Now is the time to listen to NFB First Vice President Fred Schroeder and others who are pointing out and calling for the end of the unjust practice of paying human beings as little as 14 cents per hour worked. Even one cent less than the minimum wage is wrongly taking advantage of a worker.
The list of companies who pay subminimum wages is long and distinguished. A list may be downloaded from DOL. There is no reason that a company shouldn’t make money and pay their people well. Goodwill industries execs all earn over $100,000 a year and that would be fine if they paid their employees at least minimum wage. They are an easy target, but the problem lies with Section 14c of the Fair Labor Standards Act (FLSA) which was written in 1938, not with Goodwill.
When a worker who earns 20 cents an hour for hanging 20 shirts on hangers each hour, goes to buy a $5 hamburger they are spending 63% of their weekly wage, provided they were allowed to work 5 days 8 hours a day. That is the same as charging a worker who earns $50,000 per year (the median income as of 2013) $605.76 for a hamburger. The point is that the workers who are exploited by companies who pay subminimum wages don’t get any price breaks when they go to the store and any governmental subsidies do little to mitigate this problem.
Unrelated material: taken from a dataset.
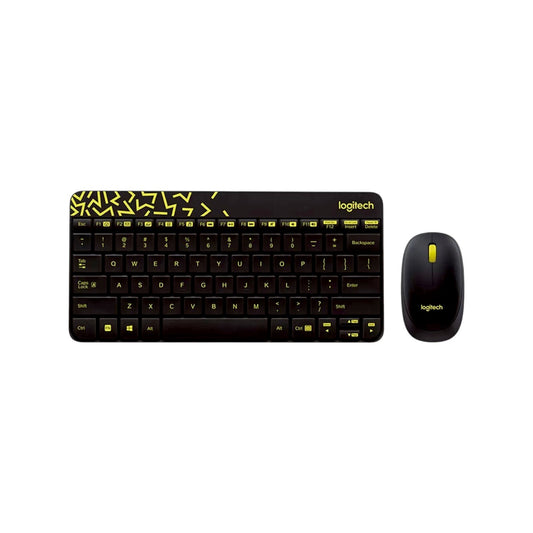 Logitech MK240 Wireless Keyboard and Mouse Combo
When the minimum wage is adjusted, it is done so based on a number of factors around the cost of living and not how many pieces of clothing a worker can hang on hangers in an hour. A person’s time is worth at least that much per hour spent doing his or her job. The important point is that all people who work for an hour should be guaranteed that hour of work will be compensated at the standard minimum hourly wage guaranteed by law. If a company wants to incentivize the workers to be more productive, they should offer a bonus or commission for productivity over minimum expectations. However, the hourly wage should never drop below the minimum established by law. There is no humanely justifiable reason to penalize workers by decreasing their wages based on their productivity, especially when the productivity is influenced by a disability.
We need to all pull together to abolish 14c and the practice of paying subminimum wages.